The online system was shut down last week and interim calculations for this year's census showed Statistics New Zealand received full or partial information for at least 90 percent of people, compared with 94.5 percent during the last census in 2013.
But government statistician Liz MacPherson said more than 82 percent of responses were online, which surpassed its 70 percent target.
She said while parts of the census operation worked well, there were some aspects which proved more challenging than anticipated.
"It is normal for some people to not fill in census forms, or submit their forms with unanswered questions, but this year we haven't received as many responses from individuals as we expected."
She said the lower response meant it would take longer to draw on other information sources and new methods to achieve a high-quality dataset.
"We're well placed to do this as we have been developing new approaches for future censuses for some time, in particular by using the other government information that we hold to complement the data we collect through the census."

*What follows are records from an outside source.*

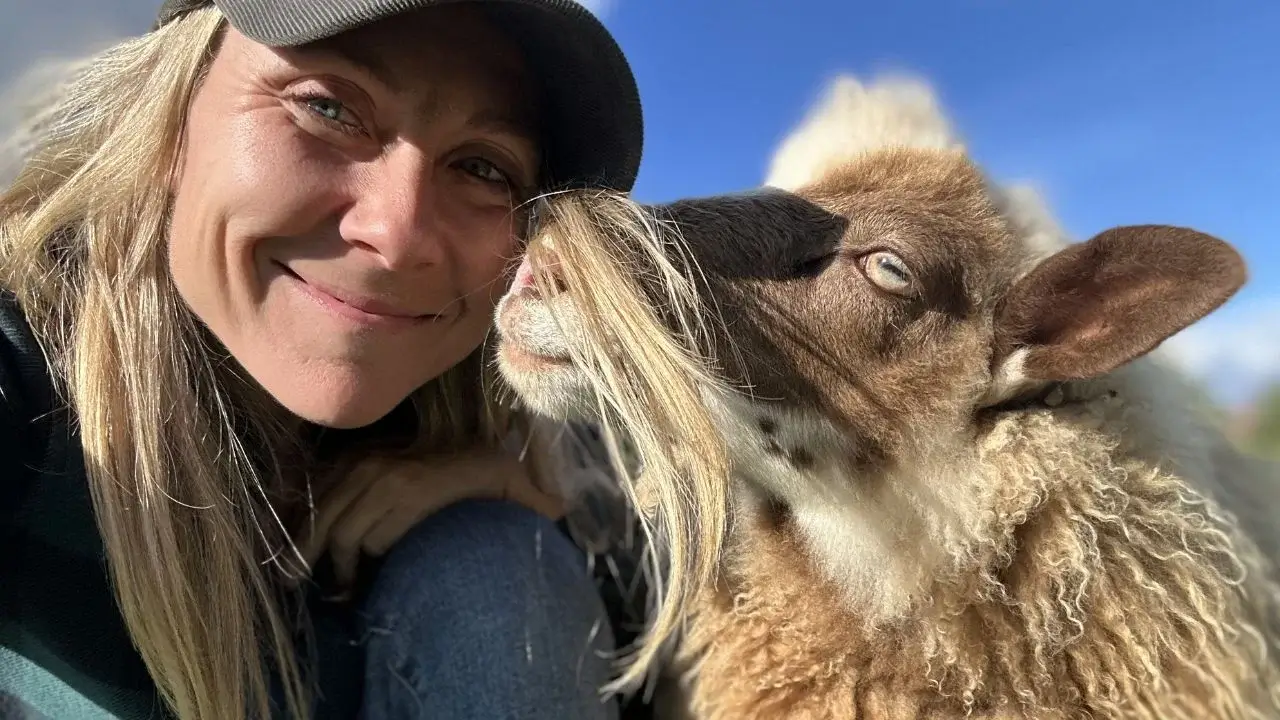 A photo of Melissa Schneider with an animal, appearing to sniff her hair while Melissa looks into the camera with the clear blue sky in the background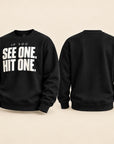 Black crewneck sweatshirt shown from both front and back views. The front features the bold white text 'IF YOU SEE ONE, HIT ONE.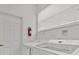 Bright laundry room featuring a modern washer and dryer, fire extinguisher and a window with white blinds at 162 Plumoso Loop, Davenport, FL 33897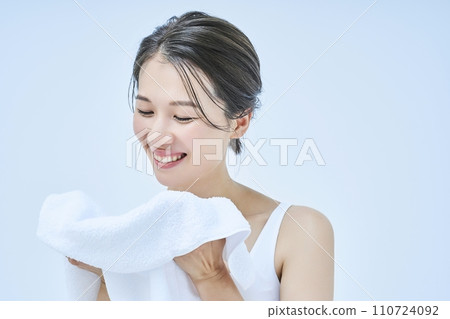 A woman wiping his face with a towel 110724092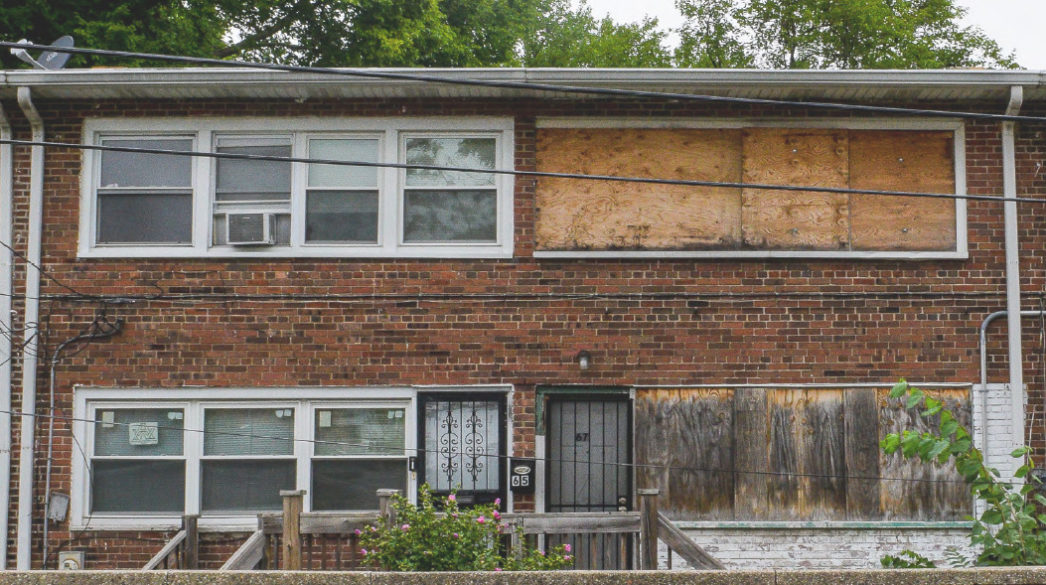 A vacant property with boarded up windows.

Ms MacPherson said Stats NZ would look at the reasons behind the lower response in its review.
"We already know we didn't get everything right. We built new systems and processes to run this census, and while the majority of New Zealanders were able to take part without a hitch, we know that some people did not have a good experience this year.
"I have had mixed feedback from people. For some it was the easiest census ever; for others it has been a frustrating experience. For that I am sorry."
Grey Power Otago president Jo Millar said the figures didn't surprise her.
"We had a lot of people who were completely frustrated over the census situation, not only the ones who didn't have access to computers, but the ones who did have access found it quite awkward to work with," she said.
She said many people told her taking away the human element and lengthening the time to complete the census, made it feel like it wasn't important enough to do.
Ms MacPherson said they put in a number of approaches, such as working with councils and libraries and even set up a caravan for people to fill in their census in remote areas, but added they may need to do more next time round.
She hoped New Zealand would be an even more digitally inclusive society by the next census in five years time.